Pick out each line of the records in which the word "Talk" appears.

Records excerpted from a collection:

○ ○ ○

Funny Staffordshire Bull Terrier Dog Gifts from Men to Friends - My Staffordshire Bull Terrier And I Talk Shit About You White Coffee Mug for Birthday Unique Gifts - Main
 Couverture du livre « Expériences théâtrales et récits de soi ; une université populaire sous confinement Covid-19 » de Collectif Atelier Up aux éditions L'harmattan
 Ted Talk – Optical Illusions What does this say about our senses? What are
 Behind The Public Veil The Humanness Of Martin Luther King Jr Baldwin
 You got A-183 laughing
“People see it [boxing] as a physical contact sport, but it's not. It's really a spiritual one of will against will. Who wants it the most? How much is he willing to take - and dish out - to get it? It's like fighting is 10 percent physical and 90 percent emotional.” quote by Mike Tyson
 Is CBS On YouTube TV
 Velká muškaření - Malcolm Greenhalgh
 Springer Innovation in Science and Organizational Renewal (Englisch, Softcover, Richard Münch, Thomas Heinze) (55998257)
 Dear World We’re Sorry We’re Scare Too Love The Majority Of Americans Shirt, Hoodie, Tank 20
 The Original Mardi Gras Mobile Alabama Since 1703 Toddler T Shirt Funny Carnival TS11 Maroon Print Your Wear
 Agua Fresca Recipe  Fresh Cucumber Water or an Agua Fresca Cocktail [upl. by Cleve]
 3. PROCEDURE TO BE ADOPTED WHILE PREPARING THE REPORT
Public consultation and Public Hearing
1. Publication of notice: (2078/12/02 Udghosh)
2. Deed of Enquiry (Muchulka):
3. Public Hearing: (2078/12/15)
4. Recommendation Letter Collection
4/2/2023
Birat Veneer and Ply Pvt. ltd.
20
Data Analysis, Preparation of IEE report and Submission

○ ○ ○

Exercise solution:
Funny Staffordshire Bull Terrier Dog Gifts from Men to Friends - My Staffordshire Bull Terrier And I Talk Shit About You White Coffee Mug for Birthday Unique Gifts - Main
 Ted Talk – Optical Illusions What does this say about our senses? What are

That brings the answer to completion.